Every line from the one with "Sweats (M, White)" up to and including the one with "101 Hilarious Cases" is to be output exactly as it appears below; pictures are not.

Segment Start: Recorded data

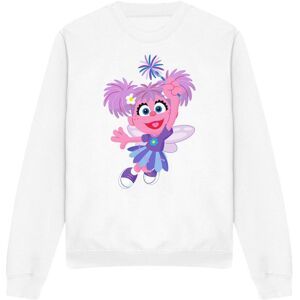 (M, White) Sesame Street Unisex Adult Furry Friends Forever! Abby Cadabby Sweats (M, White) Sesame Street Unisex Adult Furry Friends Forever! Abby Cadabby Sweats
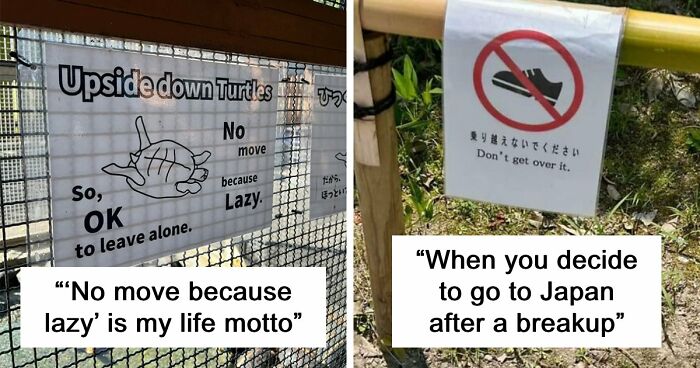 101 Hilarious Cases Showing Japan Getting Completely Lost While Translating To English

Segment End: Recorded data
Segment Start: Recorded data

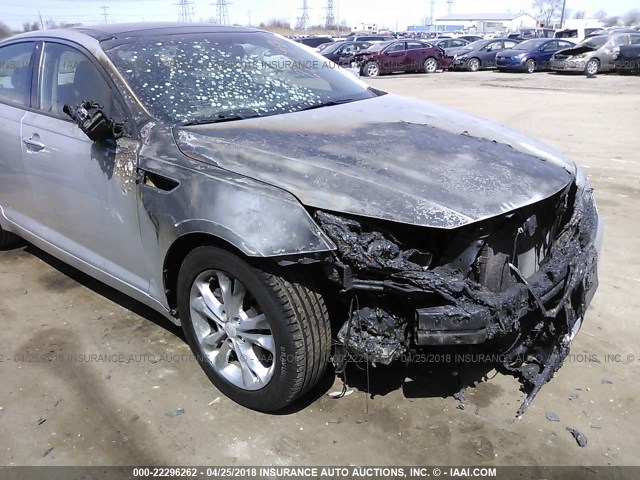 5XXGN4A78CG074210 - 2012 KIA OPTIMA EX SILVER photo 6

Segment End: Recorded data

Task response:
 (M, White) Sesame Street Unisex Adult Furry Friends Forever! Abby Cadabby Sweats (M, White) Sesame Street Unisex Adult Furry Friends Forever! Abby Cadabby Sweats
 101 Hilarious Cases Showing Japan Getting Completely Lost While Translating To English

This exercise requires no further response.